Chloe caressed Luna’s bottom lip before kissing her, quelling any fear and moved her lips, fluttering down soft skin, over the pulse escaping Luna’s neck, into the sharpness in the blades curving in her arms.
“Chloe,” insistent, Luna’s voice drifted.
“Let me….please….” Chloe murmured against her skin.
Luna felt Chloe taste every scar, worship every anomaly, unstrung herself against such love. Chloe made her feel she could fall apart any second and it was glorious. Life on the edge where she is no longer alone and it exhilarated her. After, Chloe’s head lies on Luna’s chest and she hears the sound of her heartbeat thrumming, a whisper of her good fortune. She finds how beloved this sound is as it lulls her to sleep with steady, unwavering precision, draws her unconsciousness out and leaves her dreaming into space.
It is Ivie that leads her astray again, diverts her driver from her apartment and her into the Pacer basement by the side door, codes and directions supplied by Ivie’s insistence of her attendance at Archer’s apartment. She stopped after crossing the threshold of the door, to look at three bodies in the open space, swinging wildly, waving their arms over their head and turning rapidly in one hundred and eighty degree angles, light shimmered around them, bathing them in halos as their performances mimicked movements closer to ballet then anything gamer related.
Galla called out first, then Archer before Luna turned and broke through the viscous light stream and positively bounds up to Chloe, slipping a kiss onto her lips, “Hi, what are you doing here?”
“Ivie?” Archer called, giggling a question rather than in warning, “Hay, I was winning?”
“Ivie!” Galla laughed, “Outrageous!”
“Coffee?” Luna mumbled against Chloe’s lips.
“Okay,” Luna lead her back to the kitchen and released her over to Galla and Archer as she walked over to the machine. Ivie dropped down out of the light stream and flickered into her usual human form, looking bashful.
Chloe snorted at her, “What game you were playing?”
“Kind of dance battle cross composer cross orchestra mixing, its kind of difficult to explain. I mean, really, its evolved over time. Kind of maybe musical scrabble twister?”
“Only to ones who have never played, I guess,” Galla smile turned predatory, “like all games by corrupted by family. Unrecognisable to the uninitiated…”
Galla’s head snapped around at the call, before she sat down with Archer on stools surrounding Chloe, as Luna pushed mugs across, “You should be initiated. You followed Ivie here, so family games it is.”
Chloe took a sip, swallowing shallowly, “Okay.”

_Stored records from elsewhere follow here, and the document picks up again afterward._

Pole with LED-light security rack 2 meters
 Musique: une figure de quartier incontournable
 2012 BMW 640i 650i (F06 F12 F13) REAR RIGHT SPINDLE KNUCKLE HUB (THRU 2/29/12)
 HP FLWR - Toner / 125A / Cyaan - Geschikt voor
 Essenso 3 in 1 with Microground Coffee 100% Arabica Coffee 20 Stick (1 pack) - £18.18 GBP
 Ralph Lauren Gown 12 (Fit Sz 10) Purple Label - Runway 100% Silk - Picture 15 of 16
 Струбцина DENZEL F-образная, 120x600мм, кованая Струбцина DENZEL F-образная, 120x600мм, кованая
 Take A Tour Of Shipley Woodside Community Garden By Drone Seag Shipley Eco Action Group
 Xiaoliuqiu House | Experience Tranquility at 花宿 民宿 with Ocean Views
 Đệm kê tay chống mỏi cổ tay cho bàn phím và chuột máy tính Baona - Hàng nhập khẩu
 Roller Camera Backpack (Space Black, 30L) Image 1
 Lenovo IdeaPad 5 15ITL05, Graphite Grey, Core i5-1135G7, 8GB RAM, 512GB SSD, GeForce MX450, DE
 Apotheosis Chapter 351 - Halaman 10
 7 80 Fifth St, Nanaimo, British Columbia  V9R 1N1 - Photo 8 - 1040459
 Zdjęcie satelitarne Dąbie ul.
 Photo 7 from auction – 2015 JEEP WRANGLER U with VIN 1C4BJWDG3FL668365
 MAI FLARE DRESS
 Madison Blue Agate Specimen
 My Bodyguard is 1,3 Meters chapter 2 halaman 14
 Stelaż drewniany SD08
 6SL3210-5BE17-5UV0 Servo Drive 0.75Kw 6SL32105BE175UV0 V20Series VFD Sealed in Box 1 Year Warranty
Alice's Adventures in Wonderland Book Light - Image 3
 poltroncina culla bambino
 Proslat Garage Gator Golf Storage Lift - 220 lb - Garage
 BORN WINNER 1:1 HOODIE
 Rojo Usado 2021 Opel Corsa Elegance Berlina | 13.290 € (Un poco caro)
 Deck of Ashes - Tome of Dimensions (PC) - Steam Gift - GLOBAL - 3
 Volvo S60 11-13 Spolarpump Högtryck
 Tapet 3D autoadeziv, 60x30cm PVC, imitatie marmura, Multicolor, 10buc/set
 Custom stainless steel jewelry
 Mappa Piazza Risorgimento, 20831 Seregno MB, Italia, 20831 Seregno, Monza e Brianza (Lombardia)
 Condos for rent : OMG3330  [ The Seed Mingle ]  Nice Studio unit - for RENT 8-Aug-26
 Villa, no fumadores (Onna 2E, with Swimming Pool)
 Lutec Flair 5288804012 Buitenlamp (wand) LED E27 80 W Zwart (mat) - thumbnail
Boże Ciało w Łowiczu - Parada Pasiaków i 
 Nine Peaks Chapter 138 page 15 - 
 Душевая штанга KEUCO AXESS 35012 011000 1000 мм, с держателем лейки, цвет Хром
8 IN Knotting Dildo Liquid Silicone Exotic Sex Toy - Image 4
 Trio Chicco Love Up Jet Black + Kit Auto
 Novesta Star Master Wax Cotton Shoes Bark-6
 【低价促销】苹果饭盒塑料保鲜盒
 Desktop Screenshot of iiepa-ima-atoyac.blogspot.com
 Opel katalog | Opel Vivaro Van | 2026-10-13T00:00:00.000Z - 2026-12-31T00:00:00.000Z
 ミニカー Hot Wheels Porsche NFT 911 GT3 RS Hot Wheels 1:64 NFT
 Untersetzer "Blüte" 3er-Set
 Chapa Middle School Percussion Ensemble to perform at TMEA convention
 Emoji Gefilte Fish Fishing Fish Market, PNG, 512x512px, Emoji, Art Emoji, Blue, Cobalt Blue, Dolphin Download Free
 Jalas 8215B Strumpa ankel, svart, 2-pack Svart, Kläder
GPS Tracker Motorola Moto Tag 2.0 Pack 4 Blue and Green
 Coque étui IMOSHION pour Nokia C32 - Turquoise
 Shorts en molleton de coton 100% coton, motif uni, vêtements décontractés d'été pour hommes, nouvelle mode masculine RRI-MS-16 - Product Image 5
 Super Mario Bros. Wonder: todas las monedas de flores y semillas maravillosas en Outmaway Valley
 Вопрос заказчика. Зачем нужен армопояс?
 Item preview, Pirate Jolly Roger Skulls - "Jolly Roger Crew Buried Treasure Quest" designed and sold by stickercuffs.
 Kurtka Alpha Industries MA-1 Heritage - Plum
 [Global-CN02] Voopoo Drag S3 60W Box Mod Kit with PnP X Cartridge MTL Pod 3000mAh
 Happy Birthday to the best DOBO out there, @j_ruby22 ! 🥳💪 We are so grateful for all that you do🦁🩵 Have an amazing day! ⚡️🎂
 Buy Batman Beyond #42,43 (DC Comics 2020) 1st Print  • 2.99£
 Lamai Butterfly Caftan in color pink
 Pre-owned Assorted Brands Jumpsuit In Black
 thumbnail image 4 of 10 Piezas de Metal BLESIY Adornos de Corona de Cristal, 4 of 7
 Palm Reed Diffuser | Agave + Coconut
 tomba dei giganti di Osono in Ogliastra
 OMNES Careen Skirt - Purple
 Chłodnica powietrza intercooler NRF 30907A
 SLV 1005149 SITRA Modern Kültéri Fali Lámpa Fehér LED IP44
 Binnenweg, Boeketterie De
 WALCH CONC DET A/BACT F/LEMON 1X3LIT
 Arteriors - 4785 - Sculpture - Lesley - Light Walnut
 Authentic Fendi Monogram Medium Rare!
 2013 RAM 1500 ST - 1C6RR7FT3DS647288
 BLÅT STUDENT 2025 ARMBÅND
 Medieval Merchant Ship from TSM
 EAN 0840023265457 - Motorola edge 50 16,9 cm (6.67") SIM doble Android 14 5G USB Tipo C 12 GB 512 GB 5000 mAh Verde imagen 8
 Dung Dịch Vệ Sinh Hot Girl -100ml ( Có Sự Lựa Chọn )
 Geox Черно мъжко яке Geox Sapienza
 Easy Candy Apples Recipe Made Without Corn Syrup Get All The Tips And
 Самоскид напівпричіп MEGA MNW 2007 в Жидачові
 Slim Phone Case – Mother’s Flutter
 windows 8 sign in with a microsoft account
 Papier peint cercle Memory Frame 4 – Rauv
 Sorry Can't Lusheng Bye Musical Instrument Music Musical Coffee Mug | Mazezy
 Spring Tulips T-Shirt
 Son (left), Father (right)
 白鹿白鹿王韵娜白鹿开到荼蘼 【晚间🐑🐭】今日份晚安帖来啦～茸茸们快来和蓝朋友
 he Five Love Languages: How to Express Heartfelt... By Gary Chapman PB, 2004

“Excellent. Jamere sent enough food to sink us all in,” Luna left her steaming mug and waked over to the fridge, pulling out a container and plating food while Chloe followed her efficient, precise movements.
“You can’t really help yourself, can you?” Galla shouldered her gently.
“Huh?” Chloe turned, shuttling her cup on to the bench.
“Watching her,” Archer shifted on her seat, answering Chloe.
Chloe blushed slightly, “No, I guess not.”
“Hell, I guess you two can be a team, then.”
Luna pushed food towards them all, “Of course you would shaft me with the newbie.”
“But you have me,” Ivie broke in, “I don’t want to be on my own team.”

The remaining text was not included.